My friend had a DMA recital tonight–I wish I had been able to be there, but she lives in Arizona, which is a bit far to travel.  I hope she did well!

Overthinking it plus viola

I recently started teaching a viola student.  I am having a lot of fun with it!  I don’t really play viola, nor do I own one, but I decided today I know exactly what I want.  Her viola is the same size as my violin–that’s what I need!  A viola the same size as my violin.  Then I can play the Walton Viola Concerto easily, without undue stretching.  (I can just imagine my boyfriend Chris’s reaction to that statement…NOT pleased–a bit of  a viola snob, he is…silly!).  My younger sister became a violist the other year (from violin) and I believe the Walton was her primary reason.  (Also, I think, doing something a bit different from her two older sisters).  I’ll add “small viola” to my list of instruments to buy!  (Mandolin being the other on the list, and of course, ultimately, a piano…)

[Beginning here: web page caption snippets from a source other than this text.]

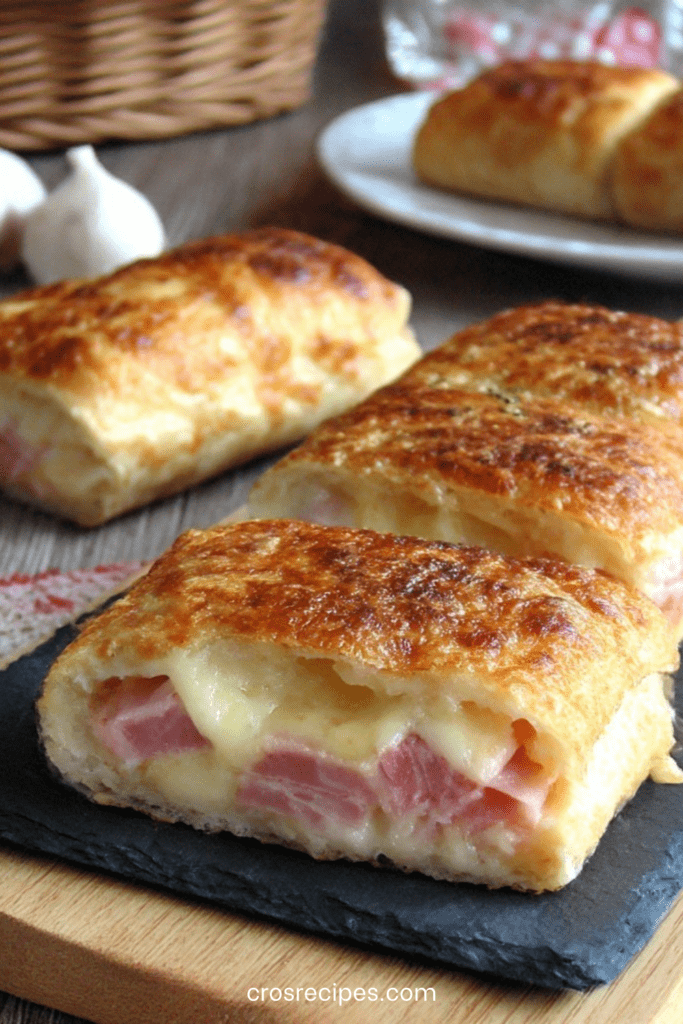 Croque-monsieur roulé en bouchées apéritives dorées à la poêle, garnies de jambon et fromage fondant, servis chauds sur plateau.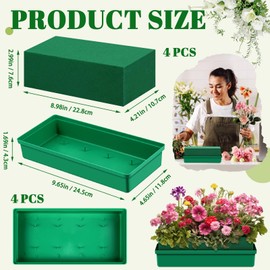 Teenyyou 4 Pack Large Size Floral Foam with Bowl 9.65" L x 4.65" W x 3" H Floral Foam Blocks Floral Arrangements Supplies Rectangle Flower Holder with Floral Foam for Table Party Festival Flower Decor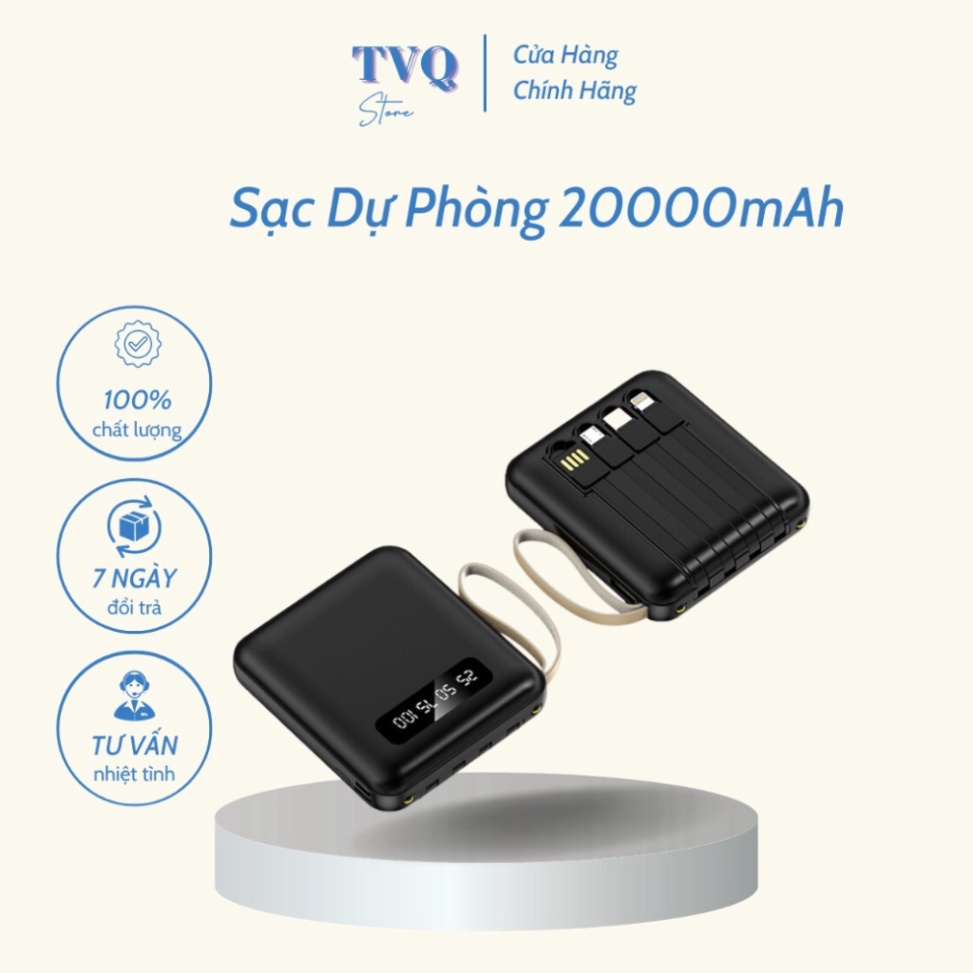 Sạc Dự Phòng 20000mAh Tích Hợp 4 Cổng Sạc Màn Hình Led Tiện Lợi Sử Dụng  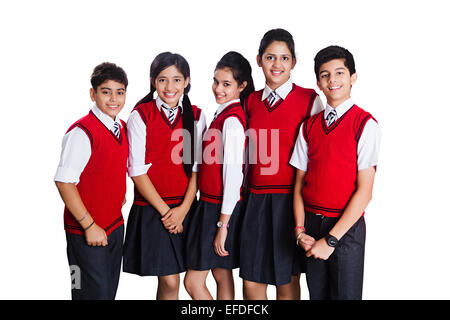 indian school friends group standing enjoy Stock Photo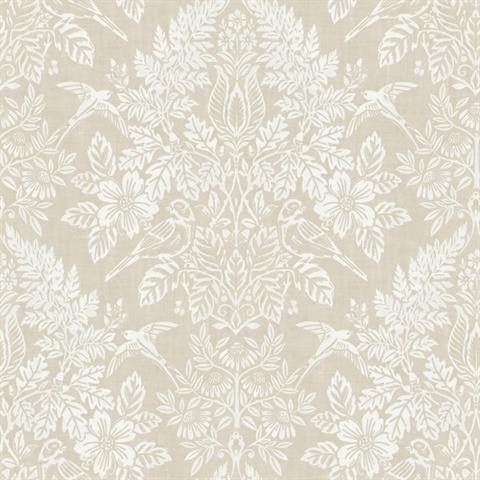 Finch Neutral Woodland Damask Wallpaper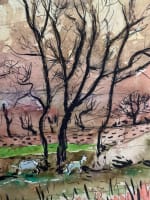 Ancien dessin paysage d'hiver arboré et chèvre troupeaux Jean Terles Art Deco - Miniature 6
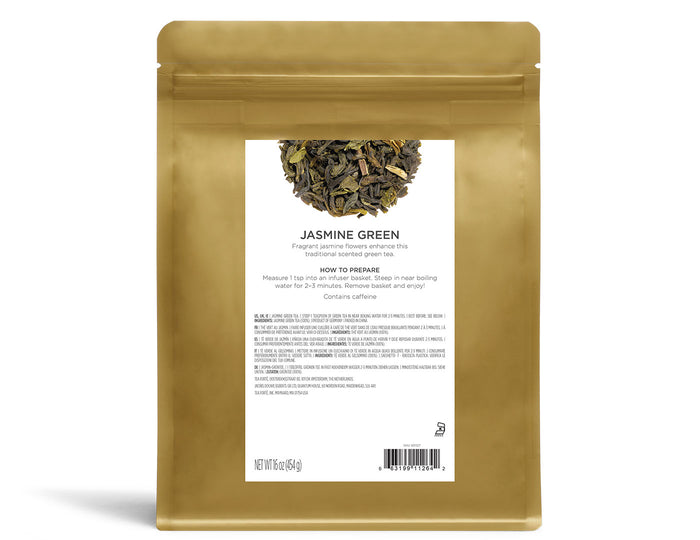 Jasmine Green Loose Tea Bulk Pouch, back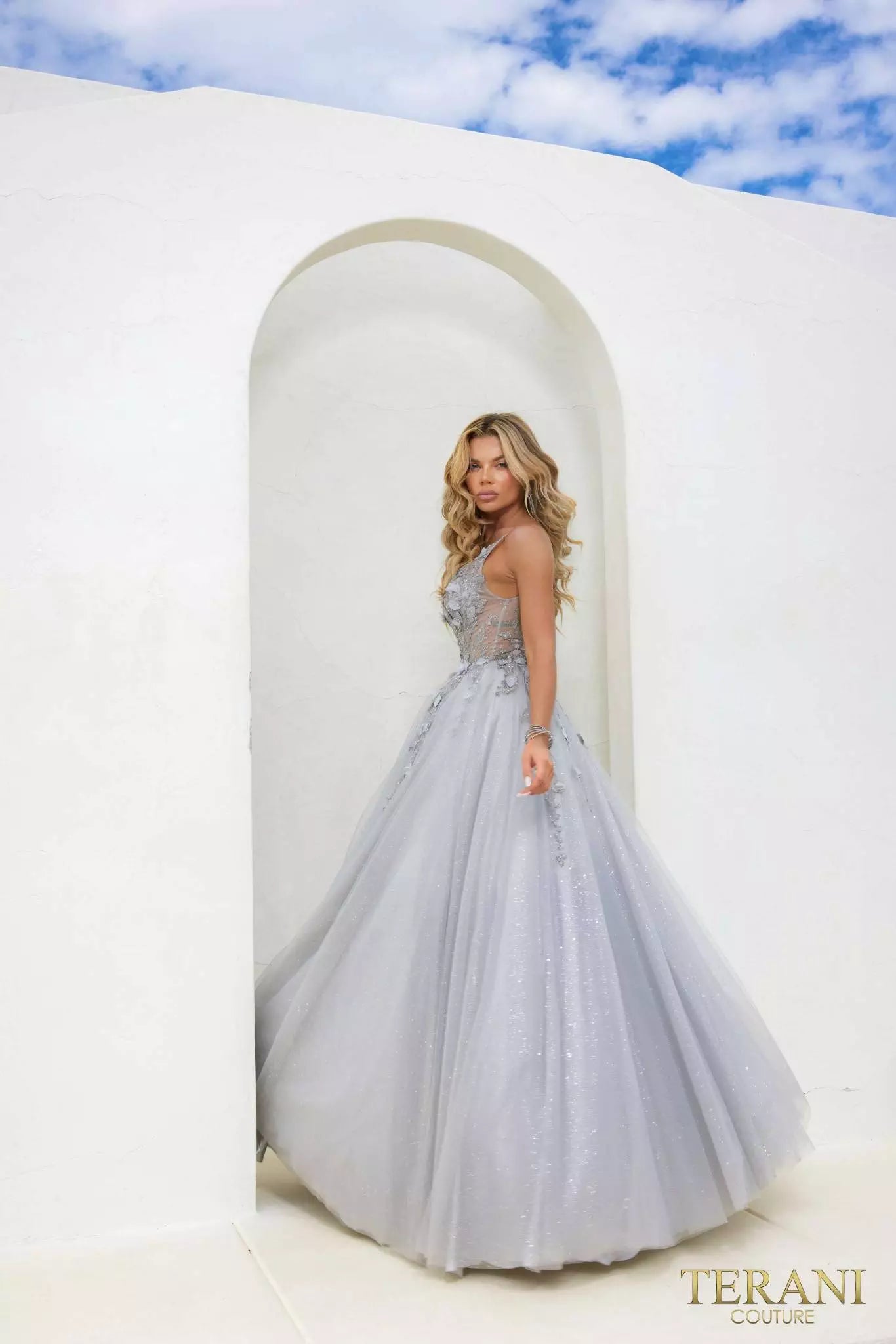 Terani Couture 241P2281 Spaghetti Sleeveless Glitter Tulle Ballgown Prom Dress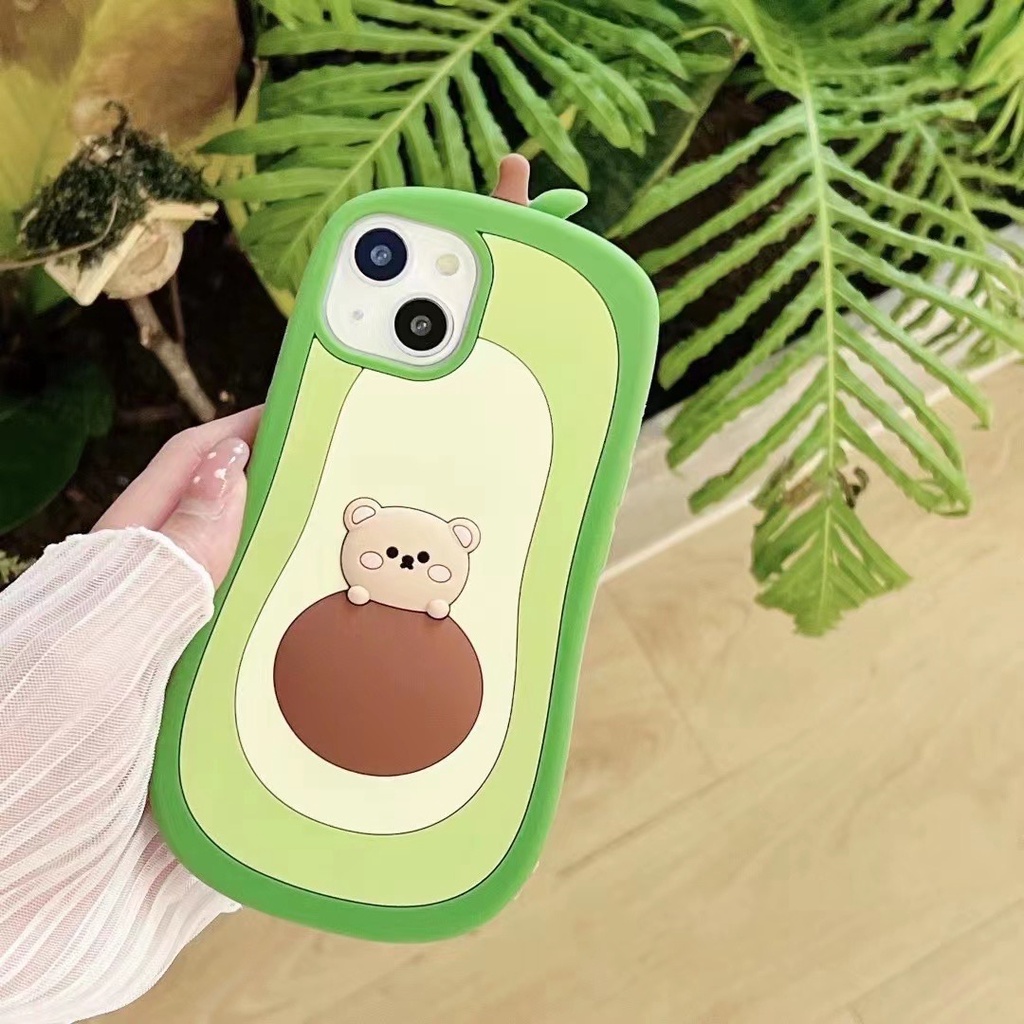 Ốp Điện Thoại Silicone tpu Mềm Họa Tiết Quả Bơ 3D Cho Iphone 12 pro max 11 pro max xs max xr x 13promax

I was really touched by the story about the Haitian violinist Romel Joseph today.  Here’s a link to the story.  I have no real words…just wow.

Follow up thought from earlier post:  No matter how I act, not everyone is going to like me.   Since I work primarily in a service oriented field (music for hire, or music lessons for hire) I spend much of my day acting in a way that I perceive to be “appropriate.”  I want people to want to hire me to play, and I want to do that by acting in a most professional manner.  Then I see other people (primarily Males, of course) who don’t worry in the slightest about being easy to get along with or nice, and having success in their lives…ugh, what a pain to have been born a middle child female who always just wants people to get along and wants people to like her, or at least well enough.  Naturally I am ALWAYS going to be willing to work with people professionally and meet the needs of my clients, but perhaps it’s okay if not everybody agrees with me at all times (or for that matter, it’s okay if occasionally I might inadvertently do something or say something that someone else miscontrues or is mildly offended by?).   Okay, now I’m definitely overthinking this whole thing!

Group Class Observation

I get so freaked out by the idea of teaching [Suzuki] group classes.  I’m sure it’s because I just haven’t done it very many times (once, really, to be official).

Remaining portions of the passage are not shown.